# new to wild mushrooms



## newguy (Jun 13, 2013)

i have found a morel in my yard and it is 6" tall and 6" round just wondering how i could prepare it or the going price on them when they are this size.


----------



## judy j (Nov 7, 2012)

Chop it up and cook it however you like


----------



## mmh (Apr 21, 2013)

newguy, search on youtube for many options on how to prepare morels, including how to stuff large ones such as yours with many tasty fillings. enjoy your harvest


----------



## Dannaturenut (May 20, 2020)

Stick with the the mushroom with no poisonous look a likes. Learn to ID before eating seven times over. Black trumpets are a good one. Foraging is a lot like driving, if you don’t follow and pay attention to the signs it can kill you. Not to scare you but play it safe. Learn learn learn before eating. Hedgehog , Black trumpets and pheasant back are easy starters.


----------



## shroomsearcher (Apr 7, 2018)

newguy said:


> i have found a morel in my yard and it is 6" tall and 6" round just wondering how i could prepare it or the going price on them when they are this size.

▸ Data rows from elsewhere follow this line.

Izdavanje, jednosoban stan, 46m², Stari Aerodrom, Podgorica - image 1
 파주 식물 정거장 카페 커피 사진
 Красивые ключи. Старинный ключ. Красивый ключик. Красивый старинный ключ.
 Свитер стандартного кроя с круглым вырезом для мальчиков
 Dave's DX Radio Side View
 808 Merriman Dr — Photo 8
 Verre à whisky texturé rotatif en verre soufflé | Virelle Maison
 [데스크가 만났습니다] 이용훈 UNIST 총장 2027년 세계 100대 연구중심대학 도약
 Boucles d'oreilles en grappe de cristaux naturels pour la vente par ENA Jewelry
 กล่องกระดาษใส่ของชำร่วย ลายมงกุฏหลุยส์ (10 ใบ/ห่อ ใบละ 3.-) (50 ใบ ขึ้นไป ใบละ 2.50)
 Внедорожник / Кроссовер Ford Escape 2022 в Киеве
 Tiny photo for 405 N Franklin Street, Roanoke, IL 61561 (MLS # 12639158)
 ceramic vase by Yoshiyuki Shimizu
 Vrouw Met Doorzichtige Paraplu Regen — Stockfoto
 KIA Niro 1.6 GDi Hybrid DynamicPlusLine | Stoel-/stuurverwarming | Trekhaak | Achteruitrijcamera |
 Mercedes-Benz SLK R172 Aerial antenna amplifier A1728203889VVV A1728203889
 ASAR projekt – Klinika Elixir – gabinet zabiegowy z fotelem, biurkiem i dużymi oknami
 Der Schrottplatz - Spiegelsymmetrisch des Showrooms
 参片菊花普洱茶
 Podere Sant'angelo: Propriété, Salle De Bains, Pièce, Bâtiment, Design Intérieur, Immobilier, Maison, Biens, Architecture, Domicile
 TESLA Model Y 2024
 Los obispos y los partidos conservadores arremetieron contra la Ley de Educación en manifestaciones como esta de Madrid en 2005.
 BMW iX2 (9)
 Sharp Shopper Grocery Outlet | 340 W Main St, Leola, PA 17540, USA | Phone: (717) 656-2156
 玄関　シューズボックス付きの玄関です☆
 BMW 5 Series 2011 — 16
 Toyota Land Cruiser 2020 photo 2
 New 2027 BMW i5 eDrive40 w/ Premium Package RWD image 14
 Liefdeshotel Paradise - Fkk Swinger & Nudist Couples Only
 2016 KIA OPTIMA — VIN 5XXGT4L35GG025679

First, are you absolutely certain that it's a true morel? Your dimensions seem a little suspect, and it must be completely hollow. And no one is going to buy a single morel. If it is a true morel you can just cut it into rings, or any way you prefer and put it on a "take and bake" pizza, or sautee in butter and olive oil and put it on a bagel. Lots of ways to use it.


----------